I have flaws. Among them: I have little sense of direction, cannot do complicated math in my head (by which I mean addition beyond single digit numbers) and I am only intermittently good at giving gifts.

Now and again I come up with something that’s meaningful, but often I am at a loss as to what to get someone, and thus spend far too much time looking for the perfect thing without really finding it. My close relatives have come to terms with this and profess to still love me. Considering the universe of faults I could have, the fact that I have probably given my mother a plush bathrobe for Christmas three out of the last four years is probably not the worst thing in the world.

But I would like to be better at it, because it is very nice to give someone something they appreciate. A great gift does not have to be expensive, fancy or life-changing. A truly great gift is one that shows the giver put some thought into it; one that says, “I pay attention to what you like.”

I received such a gift a few weeks ago from a friend. She sent the gift with a short note in a manila envelope delivered by hand to my office. The envelope had already been opened when it reached me, so I took a quick look inside and when I realized it wasn’t work-related, I set it aside to deal with something else. I didn’t pick it back up for a couple of days.

When I did, in addition to the note I found two paperbacks: a pamphlet guide to neighborhood restaurants from 2003, and the 1976 edition of New Orleans a la Carte, Menus of Famous New Orleans Restaurants. The neighborhood guide is interesting; I always like to hear another knowledgeable take on a topic I enjoy, but the menu collection is fascinating.

It will come as no surprise that I am the sort of person who enjoys reading restaurant menus; I have several hundred from meals I’ve eaten over the last decade or so, and when I find a website that posts old menus, I can easily lose an hour just clicking on page after page. (Cool Culinaria, for example). So this book, in which no menu is more recent than 1976, (more likely 1975) is right up my alley.

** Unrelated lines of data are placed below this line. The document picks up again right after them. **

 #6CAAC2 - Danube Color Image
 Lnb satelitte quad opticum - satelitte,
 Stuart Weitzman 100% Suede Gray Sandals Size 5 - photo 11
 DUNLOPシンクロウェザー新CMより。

Of the 39 restaurants represented, 12 are still in business, and that’s counting Marti’s current iteration. In truth, while the current Marti’s has a few things on the menu that were also there in the 70’s, the prices have gone up just a bit (in 1975 you could order trout amandine for $5.95, it’s $28 now) and there are definitely a few dishes that are not being duplicated these days – oysters “Imogen Coco” for example.

I have not replaced my (lost) copy of Lost Restaurants of New Orleans, by Peggy Scott Laborde and Tom Fitzmorris, so I cannot look up the two or three places with which I have to admit I am not familiar. Chez Francais, for example, was apparently located in Metairie, on Kingman street, and served a menu that would not be out of place at any number of local seafood and steak houses.

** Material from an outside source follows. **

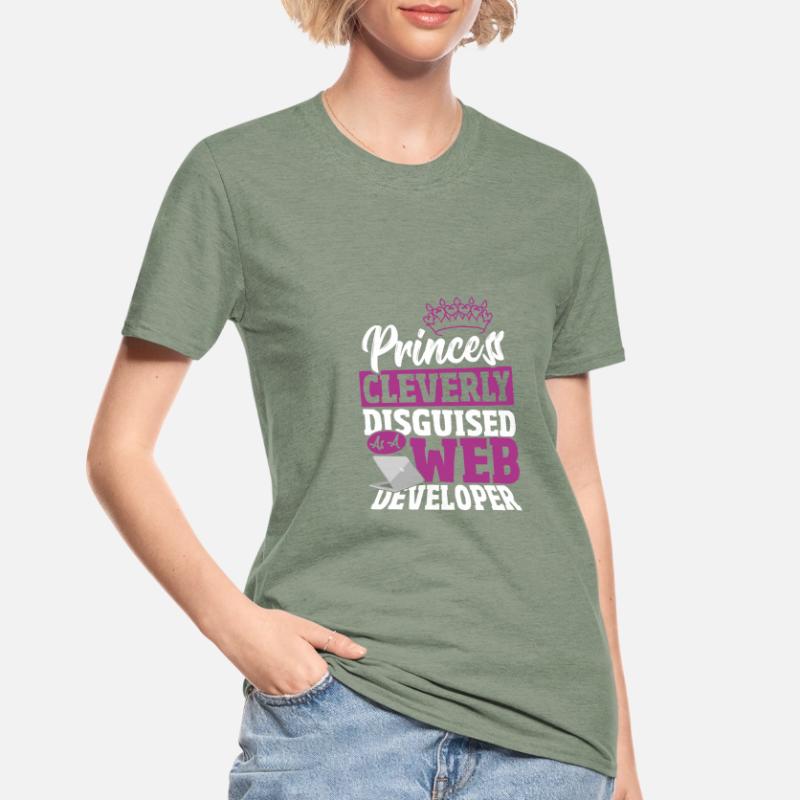 Developer Computer Geek HTML Programmer Daughter Unisex Polycotton T-Shirt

Then there are restaurants I’ve heard of, but never experienced, like Turci’s, or Le Ruths, and the restaurants I remember only vaguely, like Masson’s or Kolb’s.

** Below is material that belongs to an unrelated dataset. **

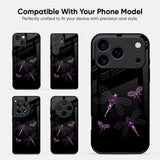 Black Dragonfly Glass Case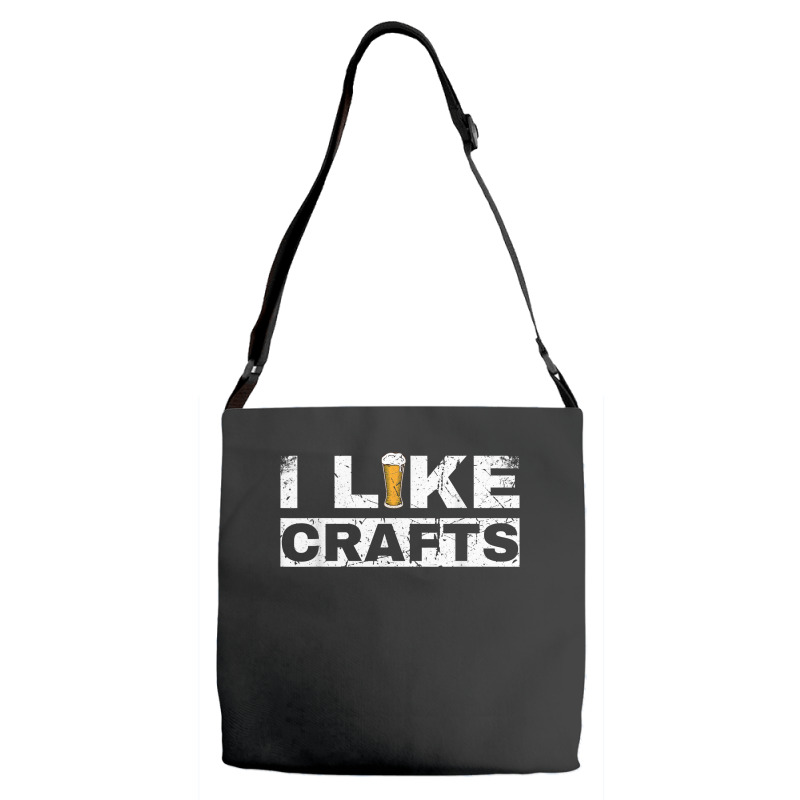 Mens I Like Crafts Beer Funny Clever Drinking And Hops Apparel T Shirt Adjustable Strap Totes | Artistshot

Kolb’s was still in business when I first started working downtown in the early 1990’s, and I had lunch there a few times, sitting under belt-driven fans next to a bar that almost certainly been there almost 100 years. I had nothing by which to gauge whether the German food served there was any good or not; I was told by several people that it had gone downhill, but I certainly enjoyed it. Looking at the list of food and drink brought back a lot of memories.

One menu that brought back a lot of memories was Antoine’s. I distinctly remember being awed by the fact that the entirety of the menu was in French when I first visited, and for years I held Antoine’s up as the epitome of fine dining. There is a part of me that still does; it’s the same part of me that wants to cook through Escoffier’s Le Guide Culinaire and the part that very much enjoys looking at vintage menus.

Which brings me back to the start of this piece. The best part of receiving New Orleans a la Carte is how nice it was to realize that my friend found it and thought of me. She knew I’d enjoy it, and I do. I hate to get all treacly, but that really is the best gift of all.